NATURAL DISASTERS THAT COULD LIMIT OUR ABILITY TO SUPPLY PRODUCTS

        Our primary suppliers are located in California and Taiwan, both active
earthquake fault zones. These regions have experienced large earthquakes in the
past and may experience them in the future. A large earthquake in any of these
areas could disrupt our manufacturing operations for an extended period of time,
which would limit our ability to supply our products to our customers in
sufficient quantities on a timely basis, harming our customer relationships.

TERRORIST ATTACKS

        While our operations to date have not been directly affected by
terrorism or terrorist attacks, we can not guarantee that our business will
remain unaffected by terrorism in the future. The impact and future effects of
terrorism are currently uncertain and we are unable to predict the future impact
that terrorist attacks may have on our business and operations, the
international markets in which we operate and the global economy in general.

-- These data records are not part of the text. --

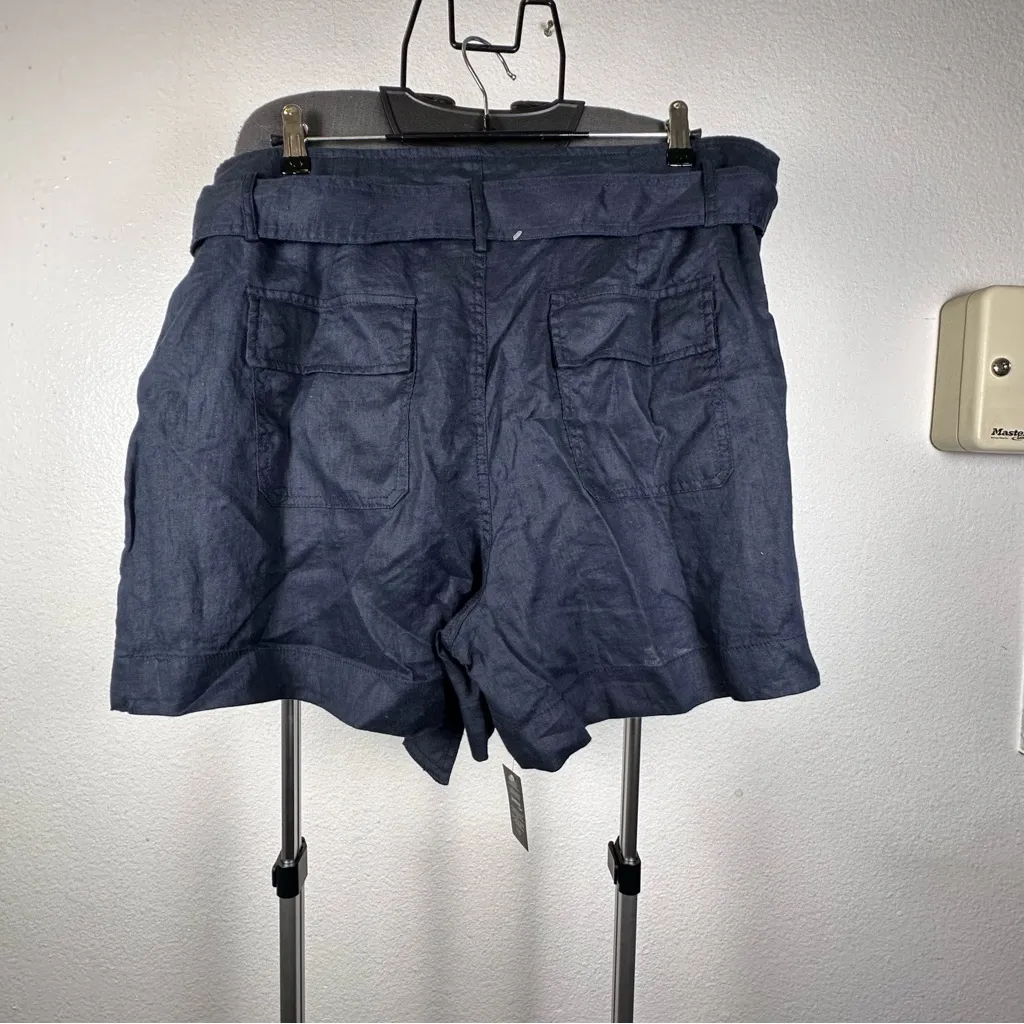 Ralph Lauren Dark Blue Linen Buttoned Shorts - Image 4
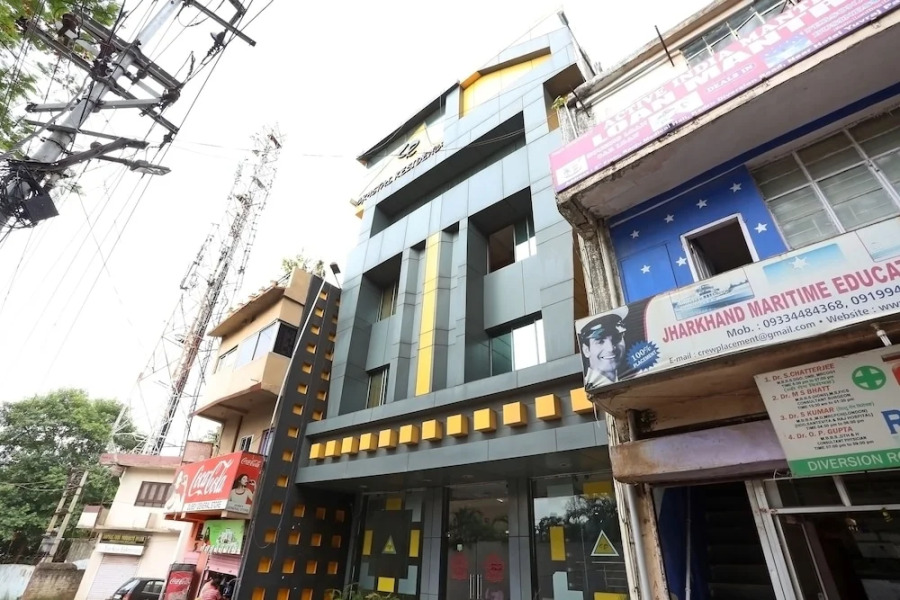 OYO 3063 Crystal Residency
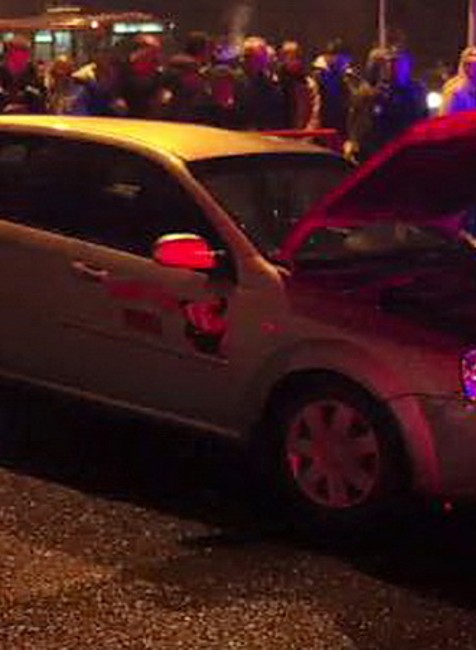 Automobil po nehode, zničené auto, narazené, KE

POTENTIAL DILUTION OF SHAREHOLDERS' INTEREST

        As part of our business strategy, we review acquisition and strategic
investment prospects that would complement our current product offerings,
augment our market coverage or enhance our technical capabilities, or that may
otherwise offer growth opportunities. We are very aggressively seeking
investment opportunities in new businesses, and we expect to make investments in
and may acquire businesses, products or technologies in the future. In the event
of any future acquisitions, we could issue equity securities which would dilute
current stockholders' percentage ownership.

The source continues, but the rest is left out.